• [DATA BELOW]:
★ ★ ★ ★

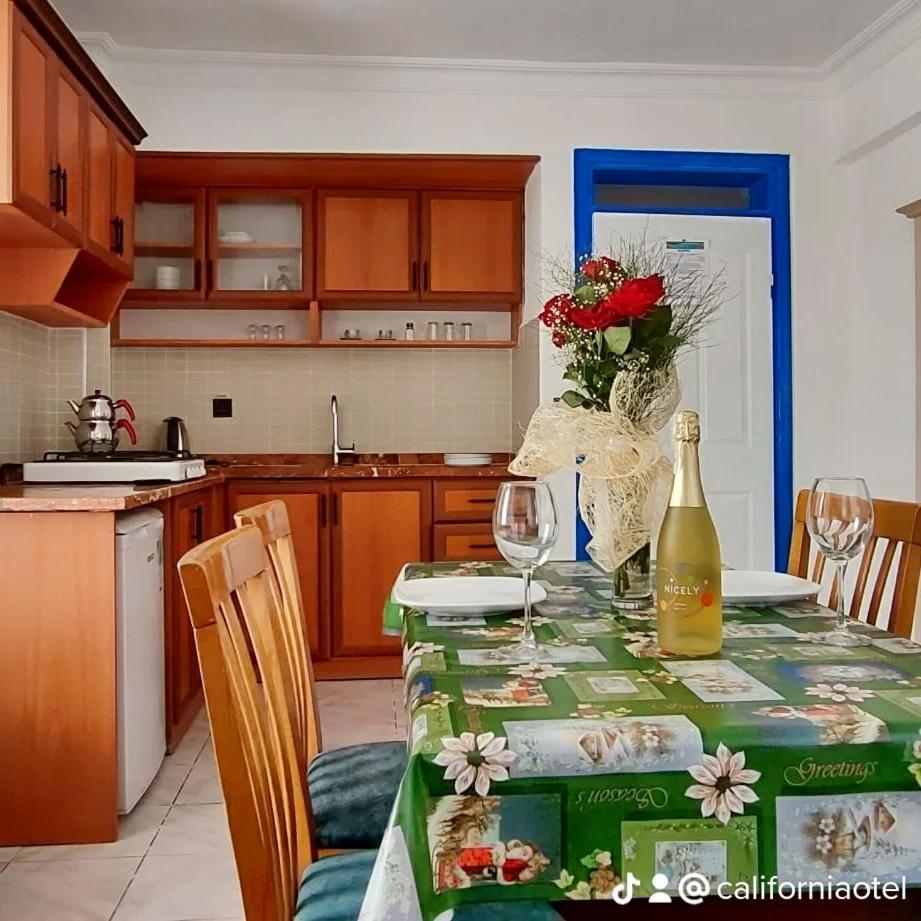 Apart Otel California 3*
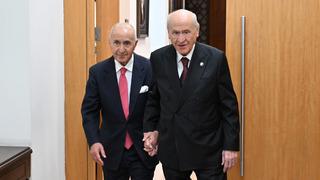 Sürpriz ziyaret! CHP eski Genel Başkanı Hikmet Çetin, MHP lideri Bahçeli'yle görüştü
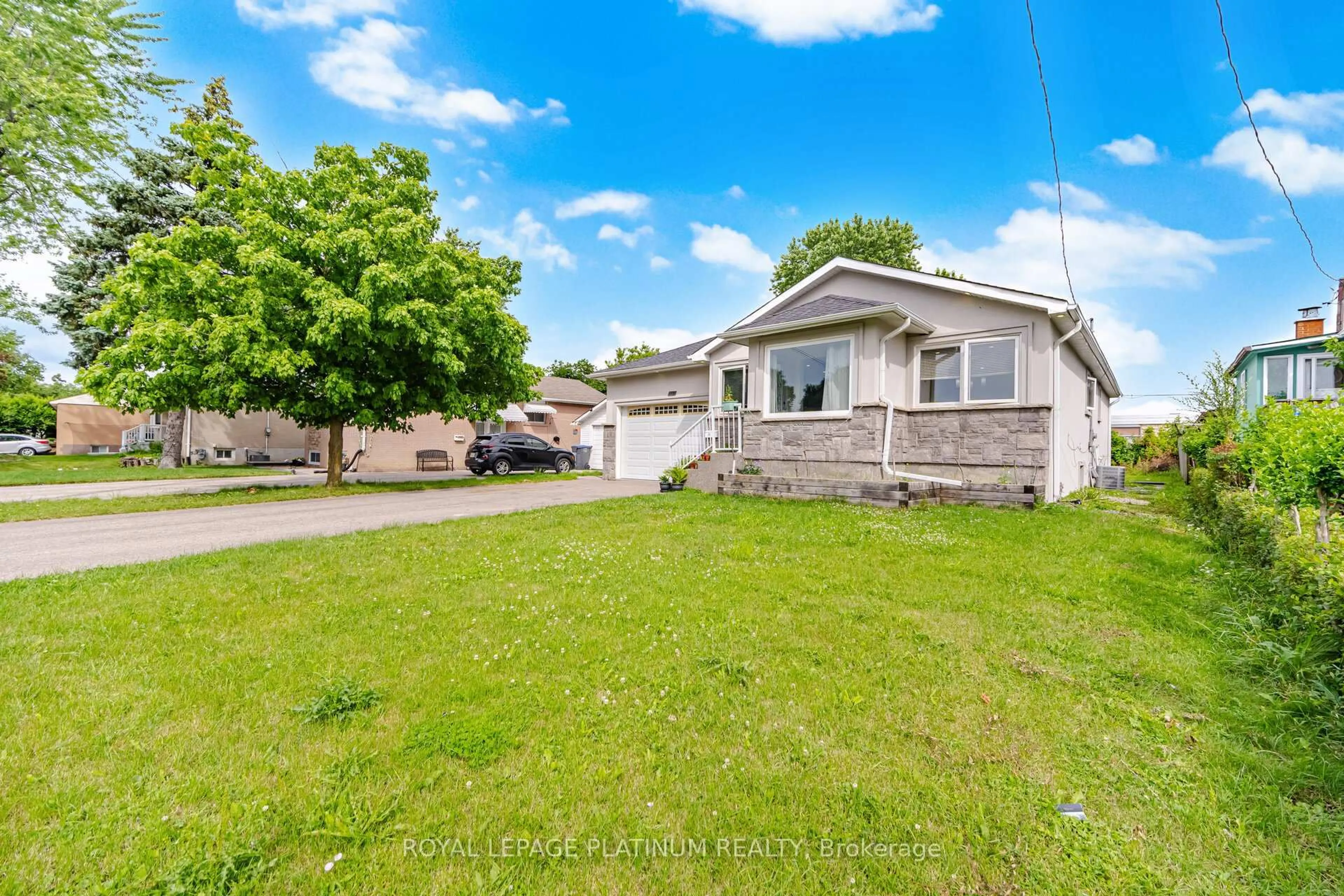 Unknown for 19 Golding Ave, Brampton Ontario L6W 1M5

★ ★ ★ ★

• [REQUIRED WORK]: Please retype the data exactly as it appears, but without any of its pictures.

• [WRITTEN RESPONSE]:
 Apart Otel California 3*
 Sürpriz ziyaret! CHP eski Genel Başkanı Hikmet Çetin, MHP lideri Bahçeli'yle görüştü
 Unknown for 19 Golding Ave, Brampton Ontario L6W 1M5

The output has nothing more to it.